3. In the Senate, at least 11 women won, with two being newly elected and nine keeping their seats.

4. Colorado elected the US’s first openly gay governor, Jared Polis. He was also the US’s first openly gay man to be elected to the House of Representatives in 2008.

5. The midterm elections saw record-breaking numbers of minority female candidates running and being elected.

6. At least nine women, five of whom are incumbent and four are newly elected, are now state governors. 16 women were their parties’ gubernatorial nominees this year, breaking the previous record of 10 women in 1994.

7. Somali refugee Ilan Omar (Minnesota) and Rashida Tlaib (Michigan), who is the daughter of Palestinian immigrants, are the first two Muslim women to enter Congress.

8. 2018 welcomed the youngest woman ever elected to Congress.

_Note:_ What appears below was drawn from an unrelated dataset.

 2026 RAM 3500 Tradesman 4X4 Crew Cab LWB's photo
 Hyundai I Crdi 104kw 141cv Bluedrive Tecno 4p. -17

At 29, Alexandria Ocasio-Cortez has become the youngest representative in Congress (New York’s 14th congressional district.)

9. Two Native American women, Sharice Davids of Kansas and Debra Haaland of New Mexico are also the first Native American women elected to Congress.

10. Young Kim has become the first Korean-American woman elected to Congress, representing California’s 39th Congressional District. She is herself an immigrant from South Korea.

Women as elected officials. A narrative that is changing

Many things have changed since Jeannette Rankin was elected as the first female member of Congress way back in 1917. Since then, female politicians have gained the universal right to vote by the 19th Amendment and have occupied various positions of power across all levels of government.

Over the last 100 years 329 women have been elected as US Representatives, Senators or Delegates. While this number may sound impressive, it actually constitutes a small fraction of the overall membership in these legislative bodies. This is especially true when we take into consideration the fact that women have consistently composed a larger share of the registered voters. In 2016, 83.3 million women were registered to vote as opposed to. 73.8 million men.

It is important to take into account that Women also tend to vote in higher proportions than men. In spite the progress, only 104 women were serving in both the House and Senate out of a total of 535. This means women occupy just 20% of the seats.

 Photo by frank mckenna on Unsplash

While women are currently underrepresented in the halls of Congress, the 2018 congressional midterms results have brought hope. Both Democratic and Republican women were nominated in record numbers with 185 female nominees campaigning around the country. By running for office and voting in higher numbers, women are beginning to flex their political muscles. The gender gap that has been present since the founding of the US may finally be closing once and for all.